Tidak adanya subsidi dan proteksi dalam sektor publik menunjukan peran negara yang malas dan pasif dalam menghadapi dinamika pasar. Ketika harga minyak dunia mengalami kenaikan, maka untuk menyelamatkan anggaran pemerintah ‘sekonyong-konyong’ akan mencabut subsidi atas BBM. Ketiadaan subidi dan proteksi atas barang publik, pada kenyataannya hanya akan menjadikan rakyat kecil semakin sulit mendapatkan akses atas barang-barang publik tersebut, termasuk BBM. Menurut Revrisond Baswier, pada akhirnya negara akan mempersilakan pemilik modal untuk menguaai republik ini[9]. Neoliberalisme lambat laun akan mengikis hak masyarakat dalam mendapatkan akses atas barang publik. Baswir mengatakan bahwa BBM ini hanya sebagian kasus saja, nantinya air, pendidikan, dan sebagainya juga akan dilepas pada pasar. Let’s market work[10].

Solusi

Kebijakan kenaikan BBM tidak merupakan konsekuensi dari satu penyebab. Ia merupakan implikasi dari agenda neoliberal di Indonesia yang telah sejak lama mendarah daging dalam berbagai kebijakan ekonomi di Indonesia. Oleh sebab itulah, solusi dan bentuk penolakan atas kebijakan kenaikan BBM tidaklah berorientasi pada capaian lokal. Menolak kebijakan kenaikan BBM berarti melawan dan membendung setiap agenda neoliberal yang tersirat dalam berbagai kebijakan pemerintah. Logika neoliberal yang menciutkan peran negara dan melemahkan peluang rakyat dalam mengakses sumber daya publik harus senantiasa mendapat perhatian serius. Kebijakan kenaikan BBM telah dilaksanakan, implikasinya puntelah semakin sesak terasa. Karena itulah, penolakan merupakan logika yang sangat pantas kita sampaikan atas kebijakan tersebut..
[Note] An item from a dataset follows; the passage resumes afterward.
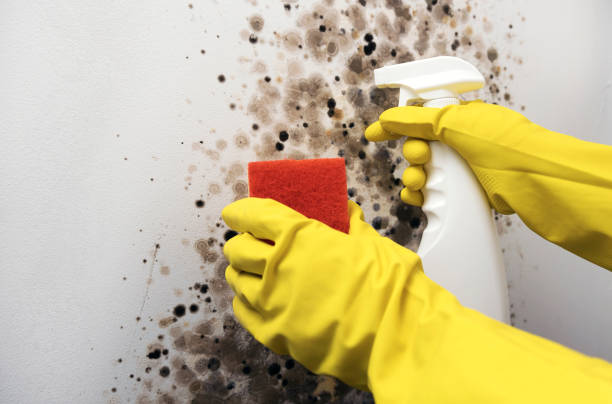 Best Mold Cleaning Services  in Sylva, NC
Selanjutnya, penulis mengajukan dua hal yang penting untuk menjadi fokus perhatian kita bersama guna meminimalisasi munculnya kebijakan kenaikan BBM di kemudian hari. Pertama, memperkuat peran negara atas perolehan barang publik. Richard Nixon mengatakan bahwa Indoneisia merupakan karunia terbesar bagi dunia, dan tampaknya ungkapan tersebut bukanlah berlebih. Paradoksnya ialah manakala Indonesia dan kekayaan alamnya mampu memberikan karunia kepada pemodal asing, Korporasi multinasional, dan agen-agen neoliberal, namun memberikan kesengsaraan berarti bagi rakyatnya. Keberadaan subsidi dan proteksi atas barang publik mutlak diperlukan guna menghambat laju neoliberalisme dalam menguasai barang publik milik rakyat. Falsafahnya telah ada sejak lama dan tercantum dalam pasal 33 UUD 1945; cabang produksi yang menguasai hajat hidup orang banyak dan mempergunakan kekayaan yang terkandung di bumi Indonesia untuk sebesar-besarnya kemakmuran rakyat Indonesia.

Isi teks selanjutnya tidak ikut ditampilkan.